### Task objective
Exclude every picture. Output verbatim the lines from the one containing "OMNI BLACK CANTA" to the end of the data.

### Records supplied
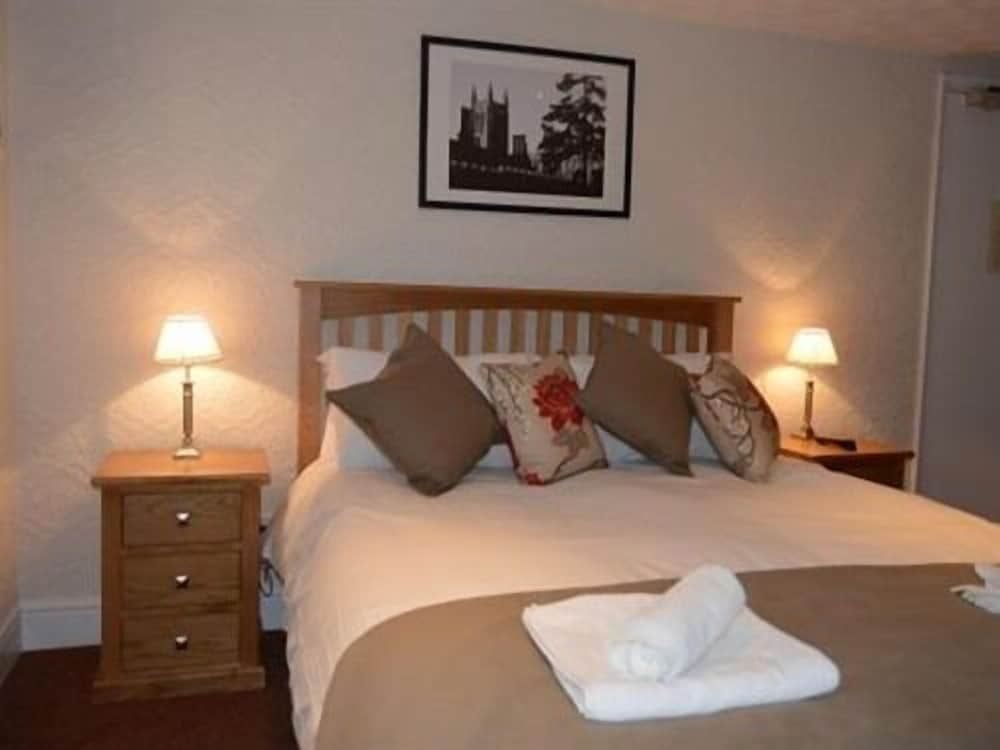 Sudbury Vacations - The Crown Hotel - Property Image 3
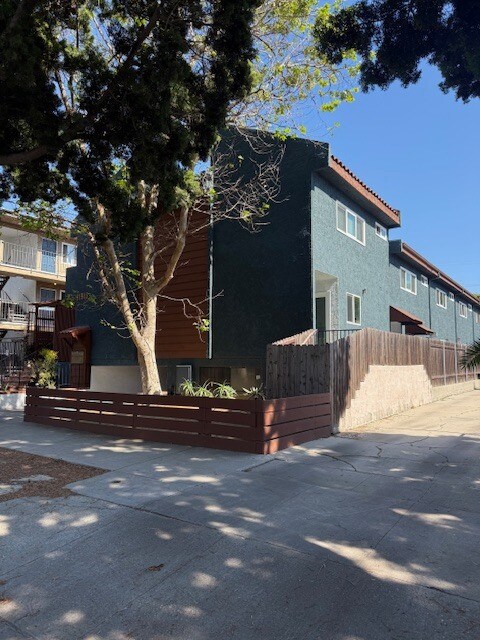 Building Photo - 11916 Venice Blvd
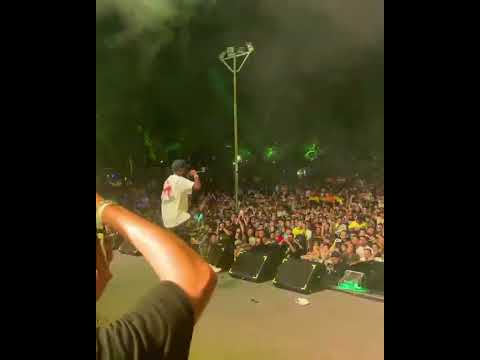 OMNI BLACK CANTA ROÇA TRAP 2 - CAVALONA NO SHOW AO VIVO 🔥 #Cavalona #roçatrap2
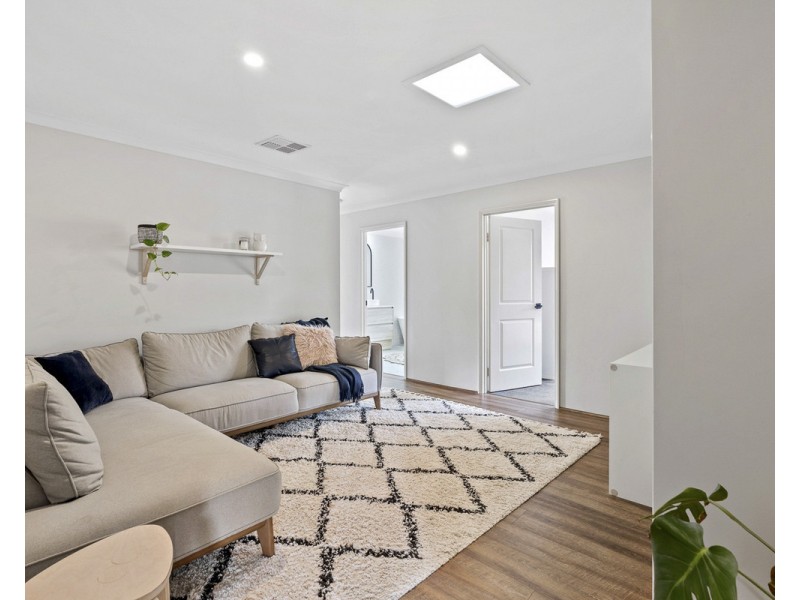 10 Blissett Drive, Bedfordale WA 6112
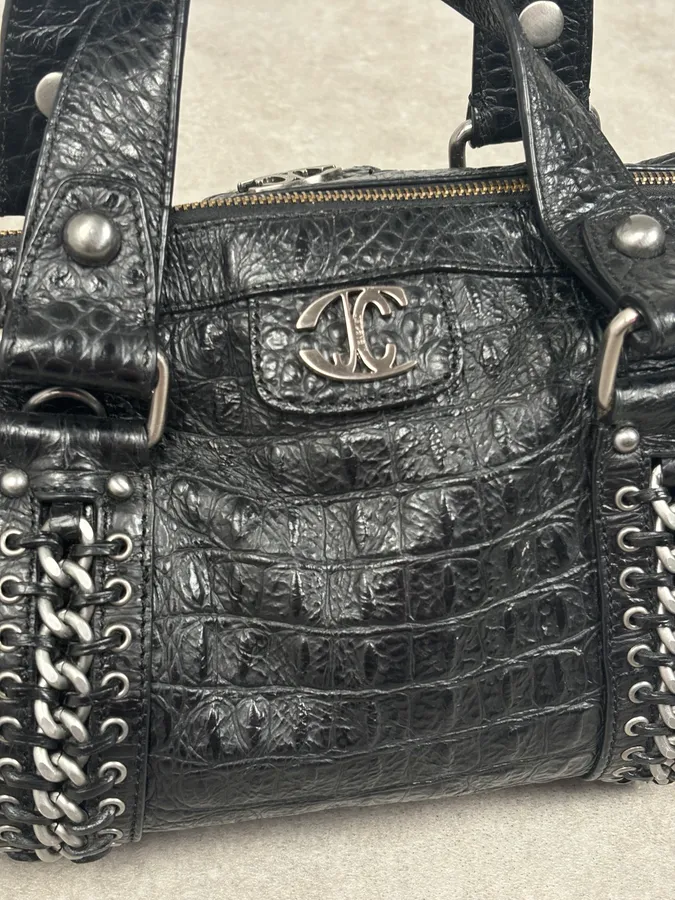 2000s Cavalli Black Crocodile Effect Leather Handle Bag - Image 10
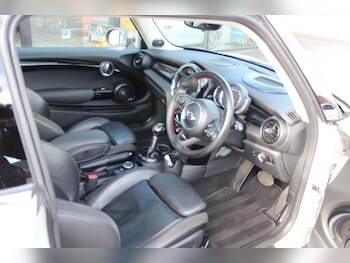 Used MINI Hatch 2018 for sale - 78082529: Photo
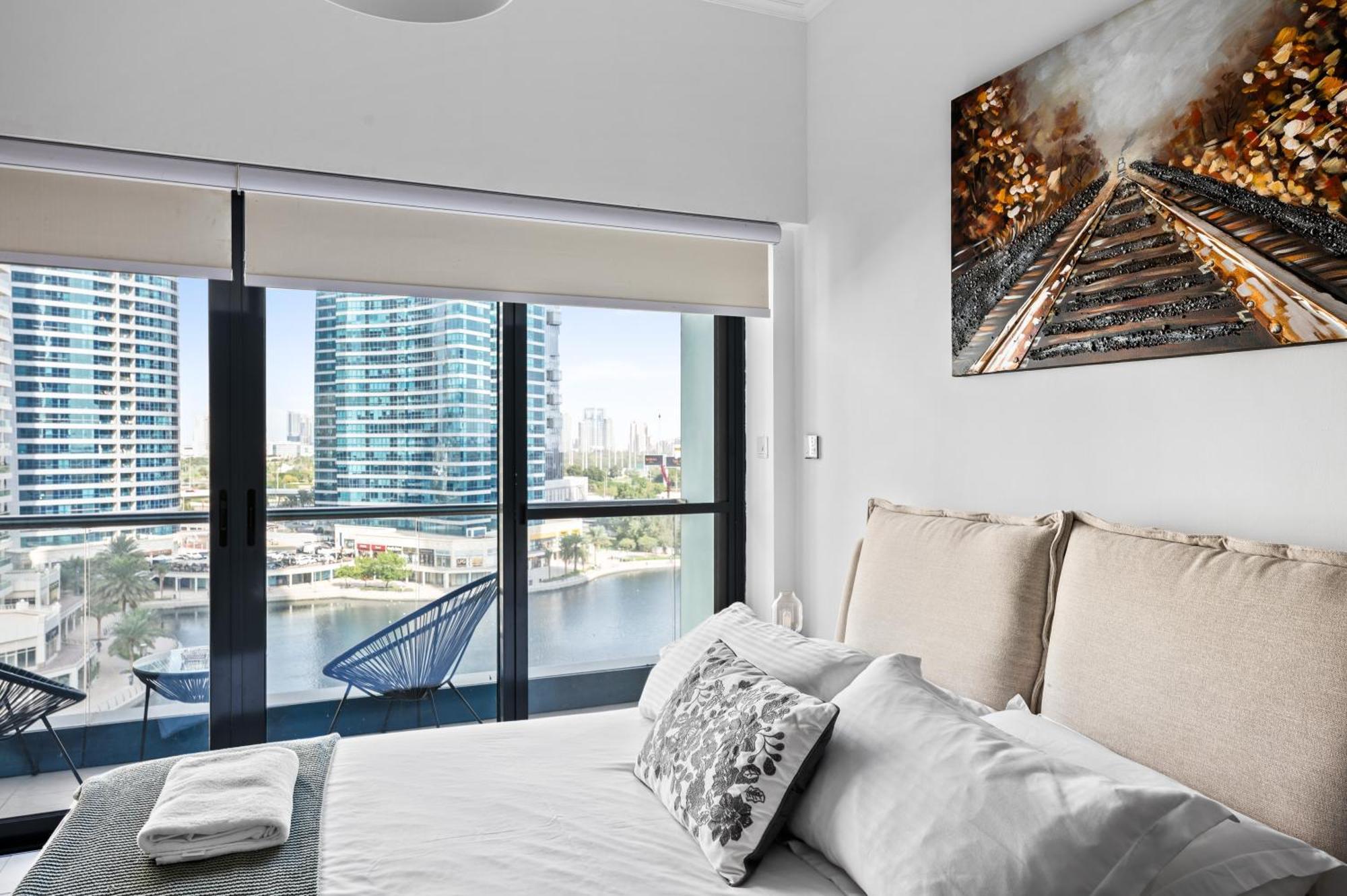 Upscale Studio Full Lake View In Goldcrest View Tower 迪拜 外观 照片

### Completed exercise
 OMNI BLACK CANTA ROÇA TRAP 2 - CAVALONA NO SHOW AO VIVO 🔥 #Cavalona #roçatrap2
 10 Blissett Drive, Bedfordale WA 6112
 2000s Cavalli Black Crocodile Effect Leather Handle Bag - Image 10
 Used MINI Hatch 2018 for sale - 78082529: Photo
 Upscale Studio Full Lake View In Goldcrest View Tower 迪拜 外观 照片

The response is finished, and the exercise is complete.